Personal information
- Born: 27 August 1979 (age 46)
- Original team: Stawell / Ballarat U18
- Debut: 25 July 1998, Collingwood vs. West Coast, at Victoria Park

Playing career^{1}
- Years: Club / Games (Goals)
- 1998–2001: Collingwood / 19 (8)
- 2002: West Coast / 03 (1)
- Total:  / 22 (9)
- ^{1} Playing statistics correct to the end of 2002.

= Brent Tuckey =

Australian rules footballer (born 1979)

Brent Tuckey (born 27 August 1979) is a former Australian rules footballer who played for Collingwood and West Coast in the Australian Football League (AFL).

Brent Tuckey was drafted to the Collingwood Football Club in the 1996 National Draft as a 17-year-old, with pick 19. He was unable to break into the line up in his debut year and in 1998 he made his debut late in the season, played only three games.

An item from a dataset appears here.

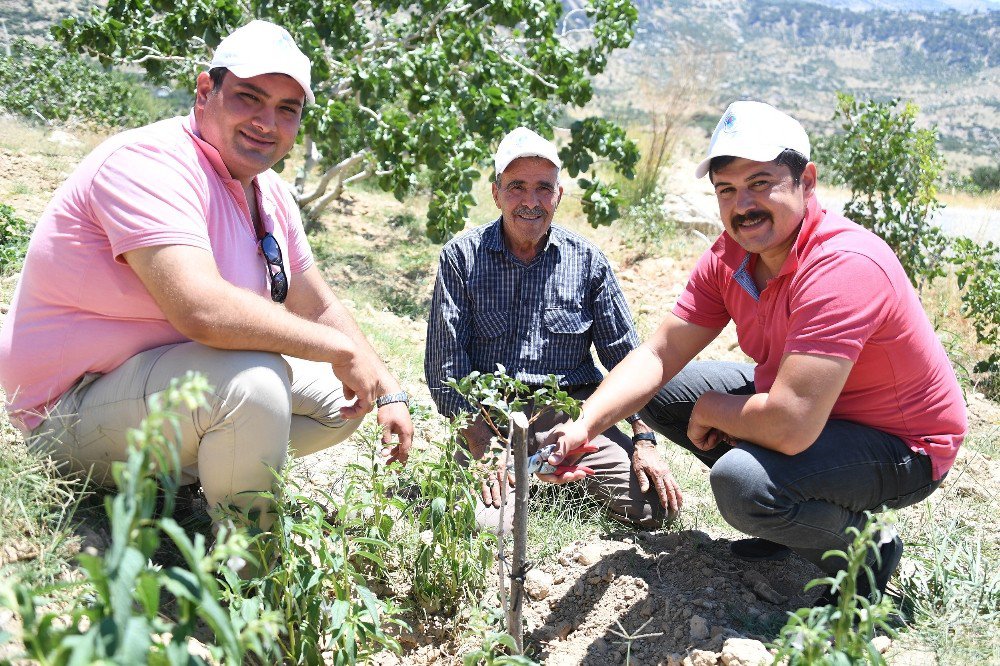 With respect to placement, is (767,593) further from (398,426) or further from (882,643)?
(398,426)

In 1999 he was to have yet another disappointing year in the seniors, managing only seven games, and his potential and high-flying was the only thing keeping him at the club. He played eight games in 2000 and kicked six goals, used as a centre half-forward. In 2001 Tuckey would continue his inconsistency and lack of form in the reserves, and manage only one game for the year before being delisted.

The West Coast Eagles would draft him as a rookie and Tuckey would play three games, including the round 2 clash against his former club.

During his time with the Eagles he played many games for East Perth in the West Australian Football League (WAFL) when not required. He played in their 2002 premiership side and joined them for the 2003 season after being delisted from the AFL. In total he played 34 games for the club.

He later played for South Adelaide in the South Australian National Football League (SANFL) before returning to Victoria to play from the Stawell Warriors in the Wimmera Football League. Following his successful stint for the Warriors back in his home town, Tuckey won the 2007 Wimmera Football League best and award, the Toohey Medal.